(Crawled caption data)
========================================================================
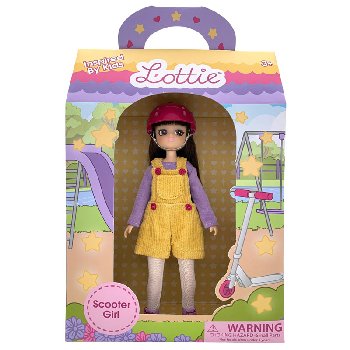 Lottie Doll Scooter Girl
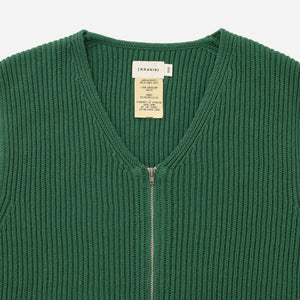 Khakis 2020 - MILO KNIT VEST - GREEN -  - Alternative View 1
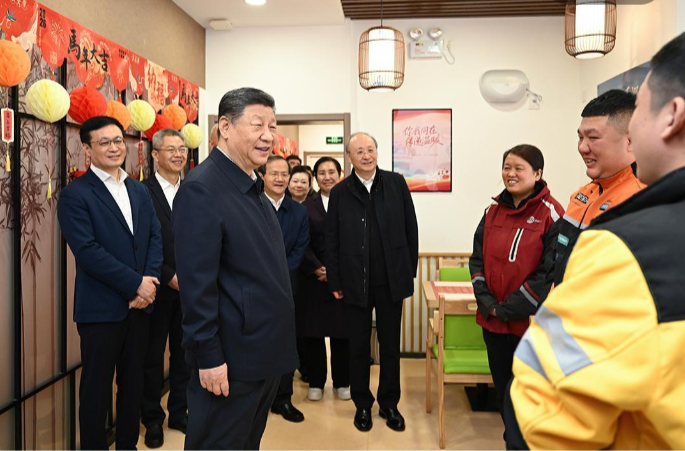 近镜头｜蒸蒸日上的家国·值守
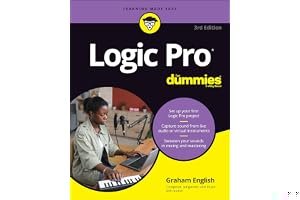 Logic Pro For Dummies book cover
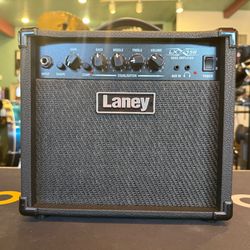 Laney LX15B 15 Watt Electric Bass Practice Amplifier NEW!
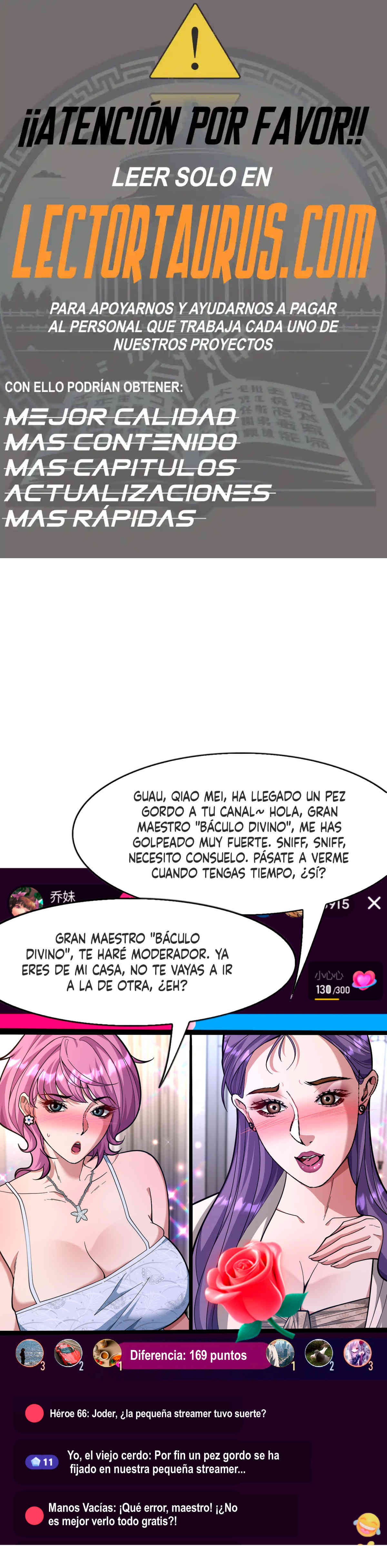 Soy un Magnate Divino, Es Lógico que Sea un Canalla, ¿No? capítulo 13 página 1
========================================================================
Retype the records above exactly, pictures omitted.

 Lottie Doll Scooter Girl
 Khakis 2020 - MILO KNIT VEST - GREEN -  - Alternative View 1
 近镜头｜蒸蒸日上的家国·值守
 Logic Pro For Dummies book cover
 Laney LX15B 15 Watt Electric Bass Practice Amplifier NEW!
 Soy un Magnate Divino, Es Lógico que Sea un Canalla, ¿No? capítulo 13 página 1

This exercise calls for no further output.